[Required action]
Whatever appears in the records apart from pictures must be reproduced exactly.

────────────────────────────────────────

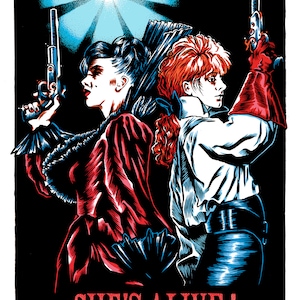 Könnte beinhalten: Zwei Frauen in einer dramatischen Pose, eine in einem roten Kleid und die andere in einem weißen Hemd, beide halten Pistolen. Der Text "SHE'S ALIVE!" ist darunter gedruckt.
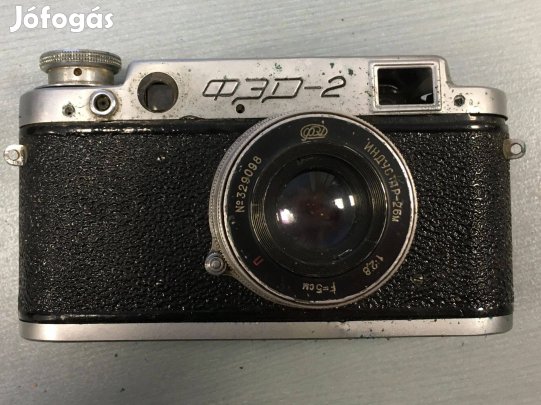 FED 2 fényképezőgép (dekorációnak)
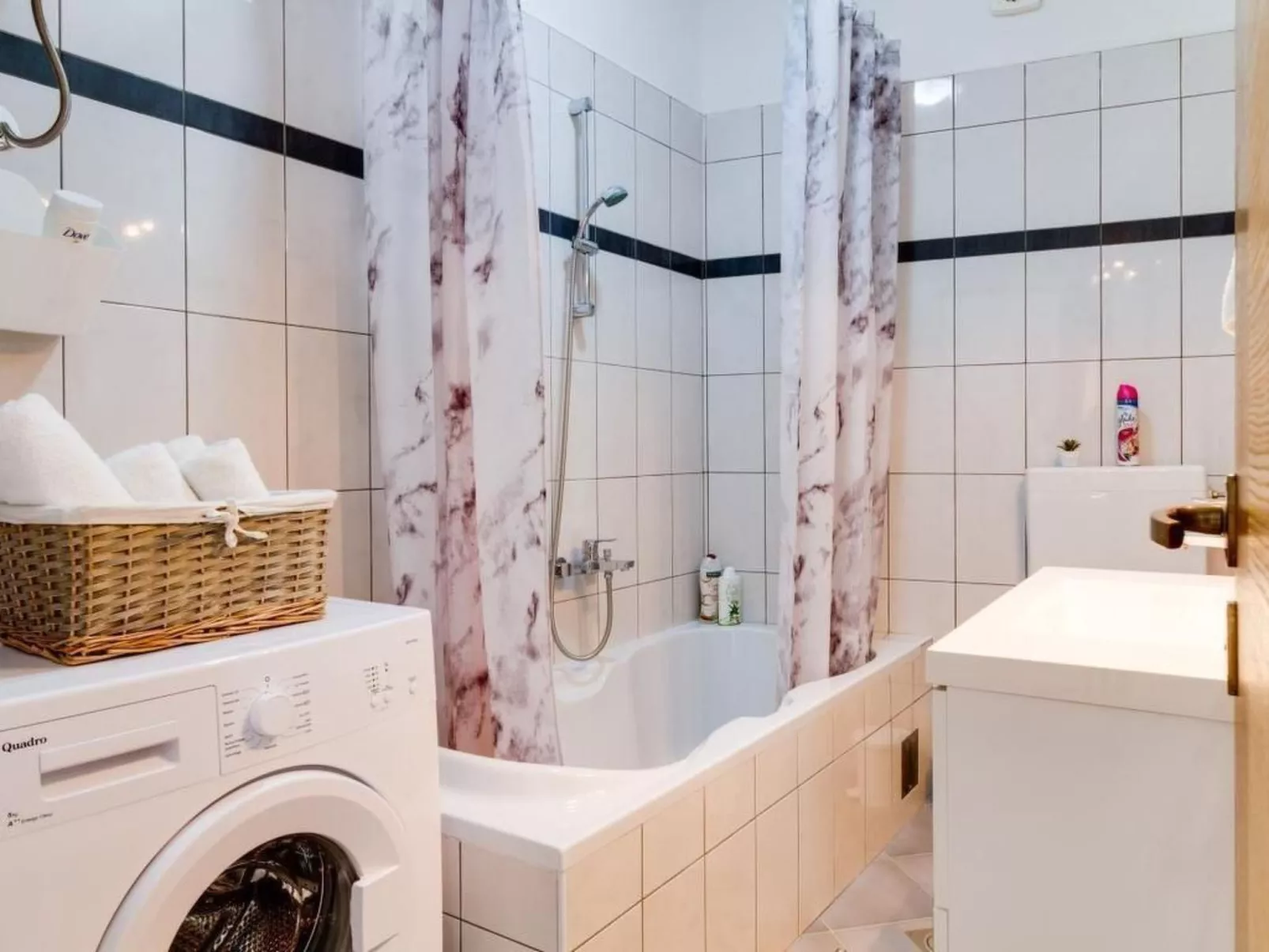 Haus Furlani mit schönem Garten und privatem Pool-Inside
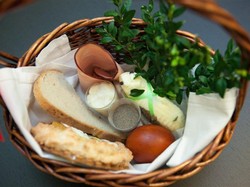 Wielkanocny koszyczek to nie miejsce dla jajka niespodzianki!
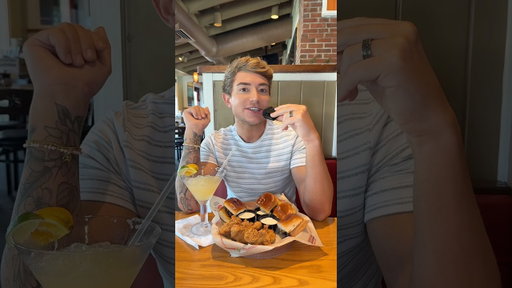 We love Chilis so much 🫶 #food #chilis #mukbang #shorts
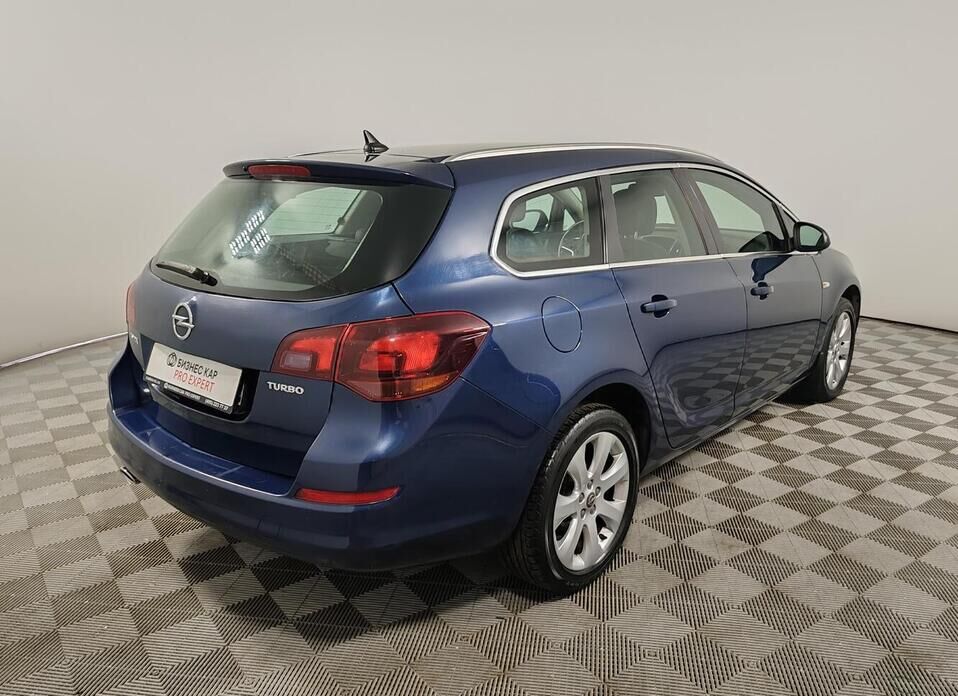 Opel Astra 1.4 MT (140 л.с.)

────────────────────────────────────────

[Exercise response]
 Könnte beinhalten: Zwei Frauen in einer dramatischen Pose, eine in einem roten Kleid und die andere in einem weißen Hemd, beide halten Pistolen. Der Text "SHE'S ALIVE!" ist darunter gedruckt.
 FED 2 fényképezőgép (dekorációnak)
 Haus Furlani mit schönem Garten und privatem Pool-Inside
 Wielkanocny koszyczek to nie miejsce dla jajka niespodzianki!
 We love Chilis so much 🫶 #food #chilis #mukbang #shorts
 Opel Astra 1.4 MT (140 л.с.)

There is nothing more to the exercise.